By Tom Lochner Contra Costa Times 10/15/2014
Tanker rail containers are photographed along Waterfront Road in Martinez, Calif., on Tuesday, Sept. 2, 2014. (Doug Duran/Bay Area News Group)
BERKELEY — A revised environmental report for a rail expansion project at a petroleum refinery on the Central California coast that could bring ¿crude oil by trains through densely populated East Bay cities has been published by San Luis Obispo County, the lead agency overseeing the project.
The Phillips 66 Company Rail Spur Extension Project envisions bringing unit trains with 80 tank cars plus locomotives and supporting cars to a new crude oil unloading facility in Santa Maria from the north or from the south along tracks owned by the Union Pacific Railroad.

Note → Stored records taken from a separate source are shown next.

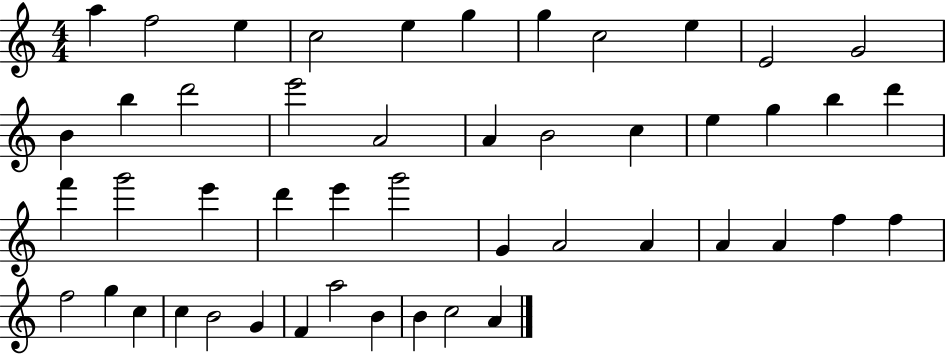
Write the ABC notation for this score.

X:1
T:Untitled
M:4/4
L:1/4
K:C
a f2 e c2 e g g c2 e E2 G2 B b d'2 e'2 A2 A B2 c e g b d' f' g'2 e' d' e' g'2 G A2 A A A f f f2 g c c B2 G F a2 B B c2 A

The approach from the south would be through the Los Angeles area and up the Pacific Coast. An approach from the north would go along the Amtrak Capitol Corridor from Martinez via Richmond, Berkeley and Emeryville to Oakland, and from there south along the Capitol Corridor or Coast Starlight route via Hayward, Fremont and Santa Clara to San Jose and on to Santa Maria.
The prospect of trains loaded with crude oil has raised concerns of residents and public officials worried about the specter of exploding trains as well as other consequences. There have been several crude oil train explosions in North America over the last two years, including one in Quebec in July 2013 that killed 47 people.

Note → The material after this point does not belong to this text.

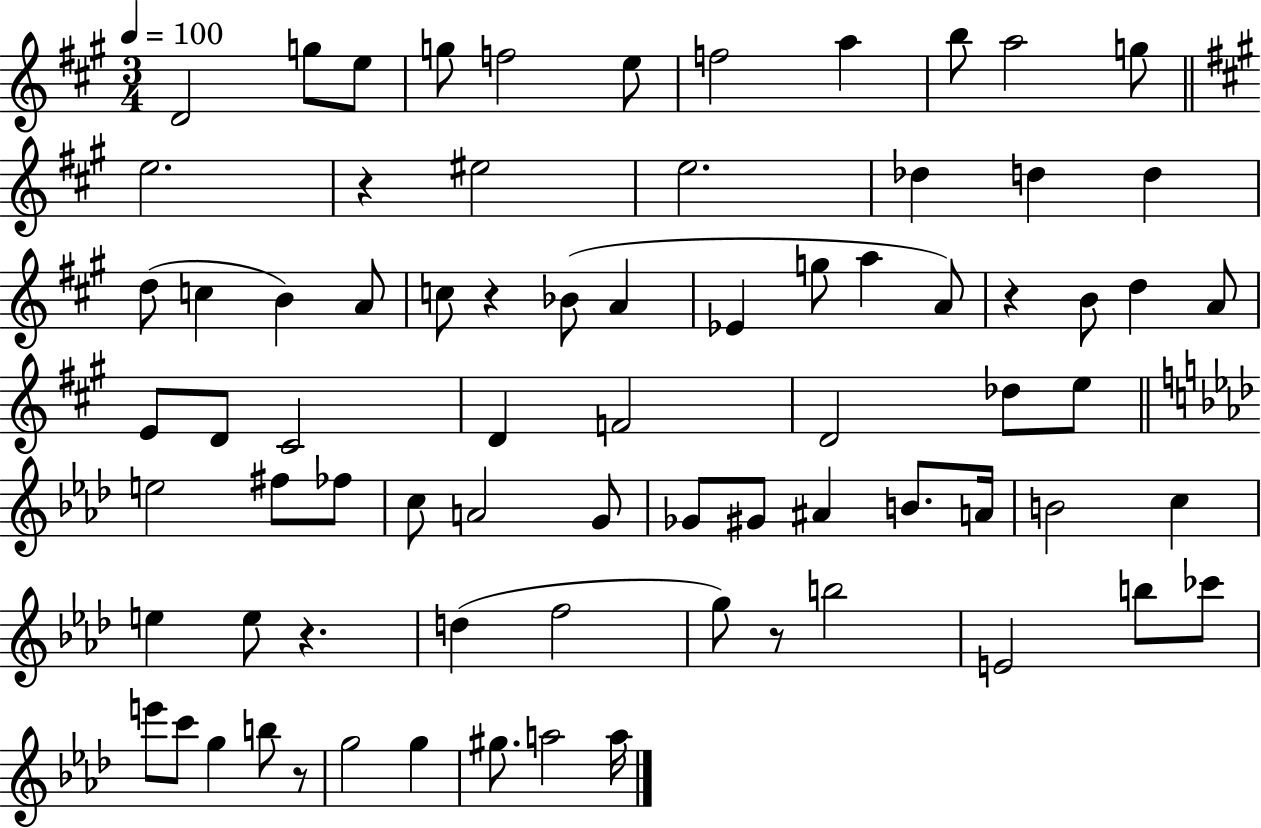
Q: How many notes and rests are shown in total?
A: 76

In March, the Berkeley and Richmond city councils voted unanimously to oppose the transport of crude oil by rail through the East Bay. Days later, the San Luis Obispo County Department of Planning and Building announced it would recirculate the original draft report due to the large volume of comments it had generated, many of them complaining that certain impacts and dangers of the project had not been addressed.